The Heyer Influence


My wonderful friend Veronica Wolff (with whom I often share very productive writing dates) has recently discovered the novels of Georgette Heyer. Lately our writing get-togethers often begin with a discussion of whatever Heyer book she's currently reading. It's so fun to be see Heyer's novels through the eyes of someone who is reading them for the first time.


If my fascination with the Regency era began with Jane Austen’s novels, novels which were actually written in the Regency, it was further cemented by reading Georgette Heyer’s Regency and eighteenth century-set historical novels.

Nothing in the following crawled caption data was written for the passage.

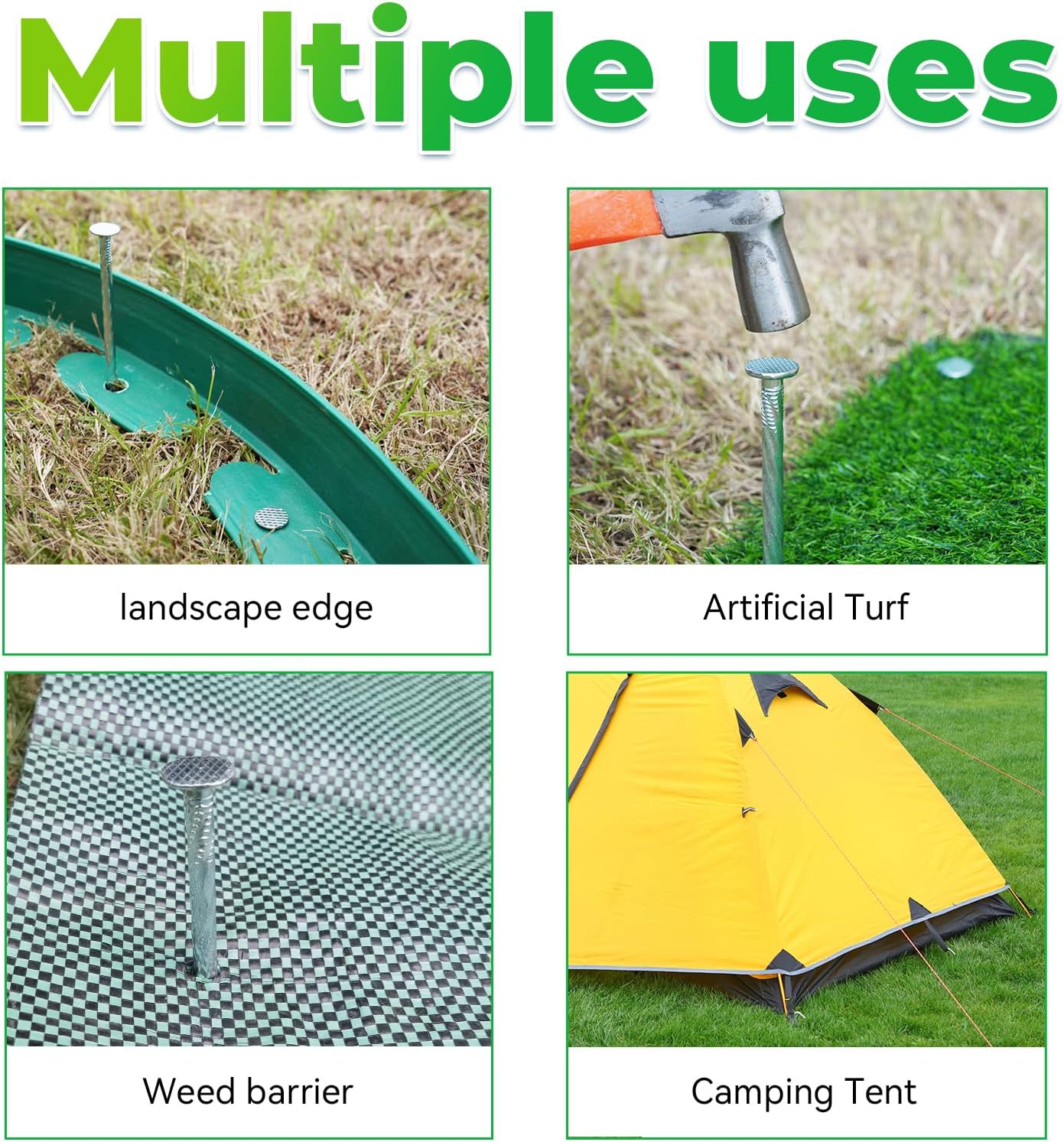 6.3-Inch Galvanized Heavy-Duty Landscape Stakes, (150-PACK) Spiral Metal Turf Spikes for Artificial Grass, Paver Edging, Weed Barrier, Securing Fences and More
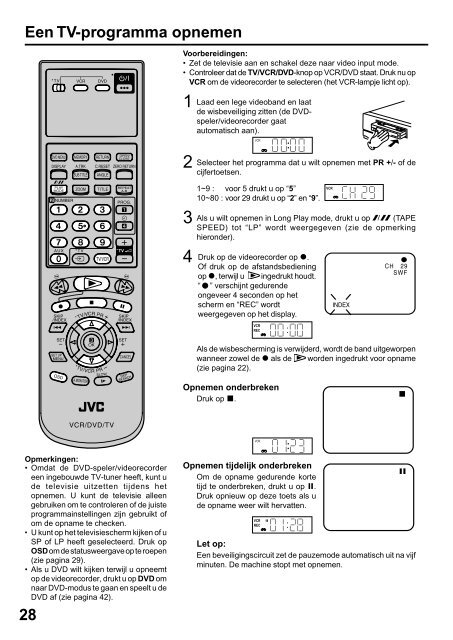 DVD-SPELER Hi-Fi VIDEORECORDER GEBRUIKSAANWIJZING - Jvc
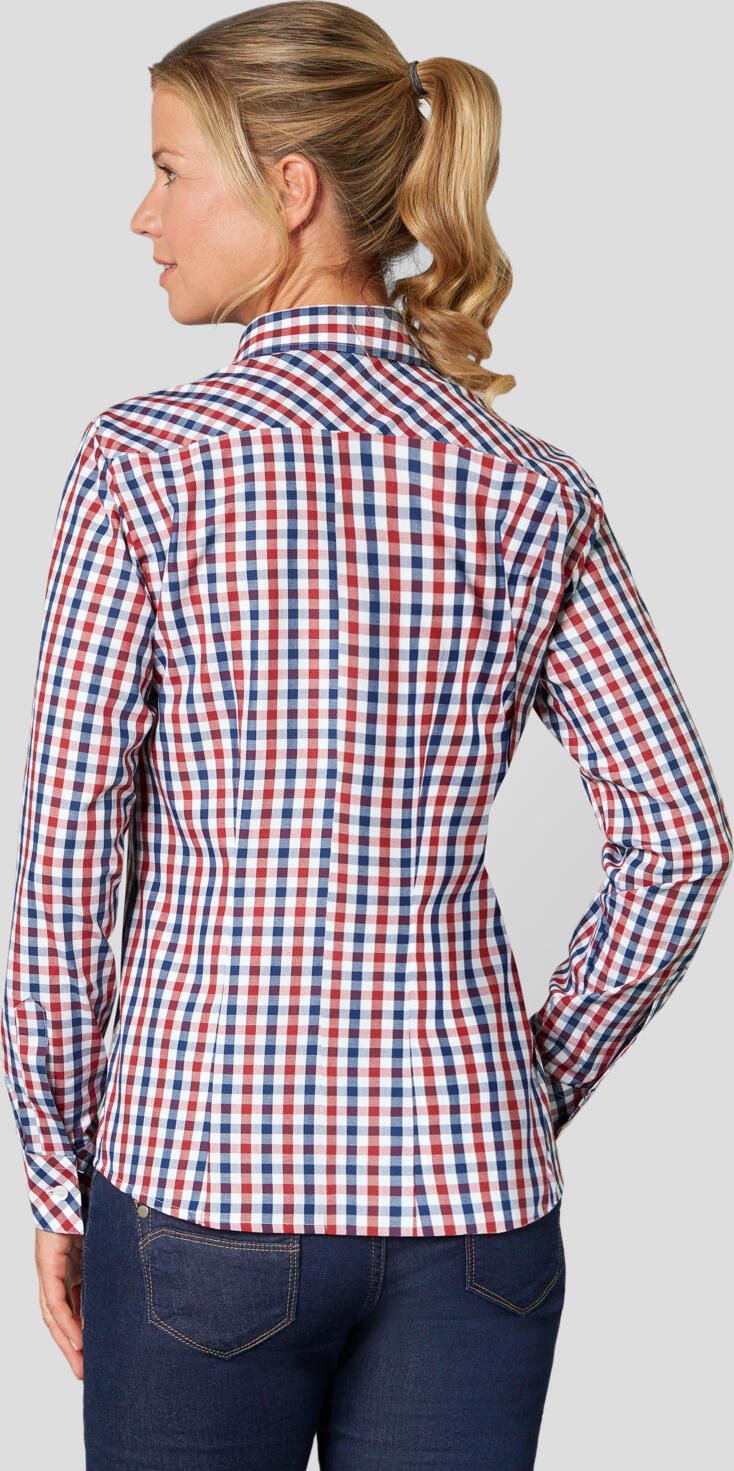 Bluza Jobeline Bailey pentru femei, 100% bumbac, carouri tricolor, maneca lunga, cravata Kent, croiala ajustata, imbricaminte profesionale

I still remember my first introduction to Heyer’s books. I was nine-years-old, and though I was reading to myself, my mom still read outloud to me as well. One evening we were at a bookstore, and I asked what we were going to read next. She held out a book with a cover showing a dark-haired young woman with side curls in a high-waisted pale green dress and said “let’s try this and see if you like it.” “This” was Heyer’s The Grand Sophy one of my favorite novels to this day (interestingly it was also the first Heyer book Veronica read). From the first chapter where Sir Horace Stanton-Lacey calls on his sister Lady Ombersley, I was entranced by this vividly created world. Over the next few years, I went on to read most of Heyer’s historical romances and several of her contemporary mysteries, some outloud with my mom, some to myself.

I reread her books frequently. Rereading the books as an adult, I'm more aware of Heyer's politics, which are wildly different from my own. Her take on the Regency is also somewhat different from my own. But I still marvel at her craftsmanship and think of her characters as old friends. I’m hard-pressed to pick favorites among the books, though I do have a fairly consistent top three:

The Grand Sophy which has a wonderfully tough, independent heroine, a nicely understated love story, a sharply-detailed cast of secondary characters, laugh-outloud humor, and an hysterically funny ending in which all the characters and plotlines converge (the inspiration for the finales of several of my mom and my Anthea Malcolm Regencies and also for the denouements of several of my historical novels).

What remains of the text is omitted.